We studied the agonist-antagonist narcotic nalbuphine compared to morphine, for intra and postoperative pain relief in total abdominal hysterectomies.
In a randomised double blind trial, fifty ASA I and II patients in two groups of twenty five each were given equianalgesic doses of morphine and nalbuphine. Hemodynamic stability, intraoperative analgesia, recovery profiles, incidence of side effects and need for postoperative supplements were compared using standard anaesthesia technique for induction, maintenance and reversal. Postoperative analgesia profile was studied by the need for supplements in twenty four hours using the unidimensional verbal category scale.

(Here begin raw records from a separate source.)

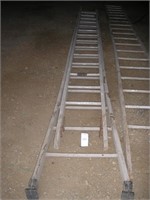 30' Wood Extension Ladder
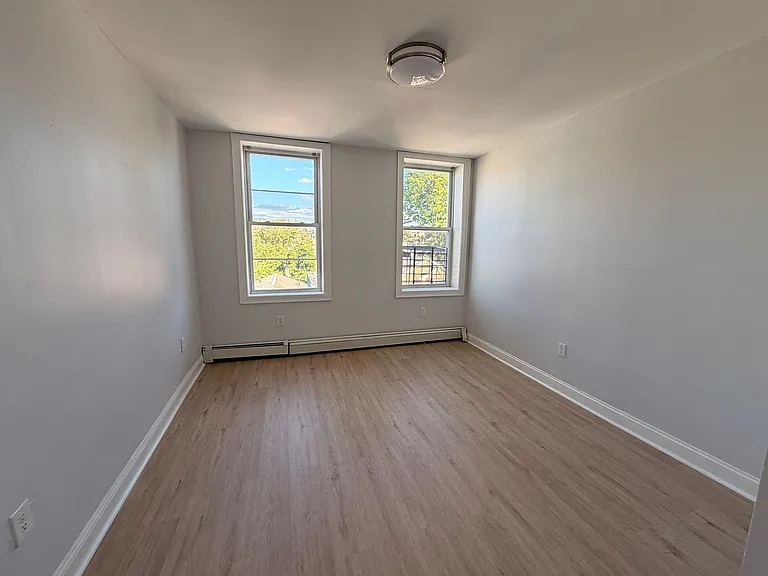 15 Olean Ave #41E — Photo 7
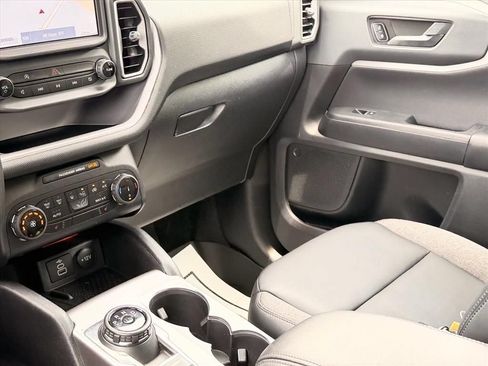 Used 2024 Ford Bronco Sport Big Bend w/ Convenience Package AWD/4WD image 11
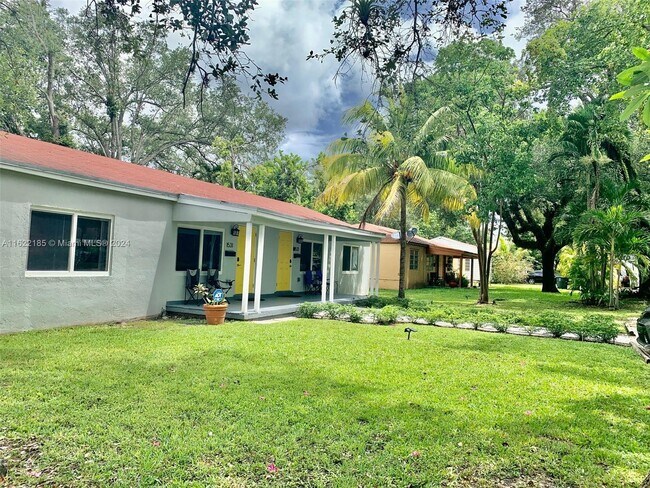 Foto del edificio - 1531 NE 131st Ln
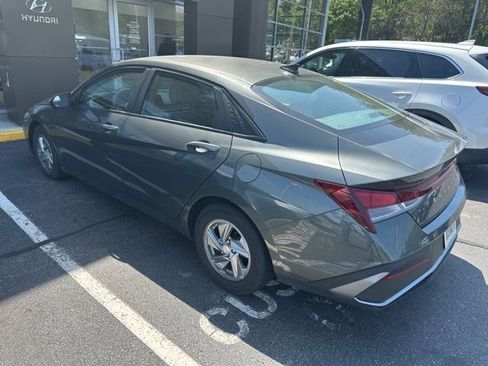 Certified 2024 Hyundai Elantra SE FWD image 4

We found that patients in the morphine group showed a rise of mean blood pressure and heart rate to 20% above the baseline in response to intubation whereas in the nalbuphine group it remained within 20% of baseline. Twelve out of twenty five patients in the morphine group and four out of twenty five patients in the nalbuphine group needed intraoperative supplements. Recovery profiles were similar in the two groups; postoperative nausea and vomiting and need for postoperative supplements was significantly less in the nalbuphine group.
We conclude that nalbuphine provides better haemodynamic stability and better analgesia, recovery profile and postoperative pain relief compared to morphine in patients undergoing total abdominal hysterectomy (JPMA 53:391;2003).